#### Recorded information
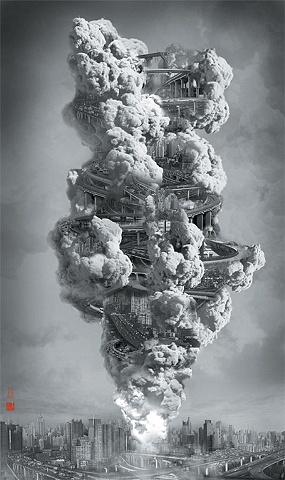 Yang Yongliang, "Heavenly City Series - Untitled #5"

...

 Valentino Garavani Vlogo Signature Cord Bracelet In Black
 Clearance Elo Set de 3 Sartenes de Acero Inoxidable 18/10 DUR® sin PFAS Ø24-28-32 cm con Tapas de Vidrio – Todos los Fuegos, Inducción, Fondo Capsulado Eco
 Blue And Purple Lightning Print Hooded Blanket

#### Instructions to follow
Reproducing the whole listing above is not the task. Copy exactly only the lines from the one with "Valentino Garavani Vlogo" to the one with "Blue And Purple", both kept.

#### Response to the task
 Valentino Garavani Vlogo Signature Cord Bracelet In Black
 Clearance Elo Set de 3 Sartenes de Acero Inoxidable 18/10 DUR® sin PFAS Ø24-28-32 cm con Tapas de Vidrio – Todos los Fuegos, Inducción, Fondo Capsulado Eco
 Blue And Purple Lightning Print Hooded Blanket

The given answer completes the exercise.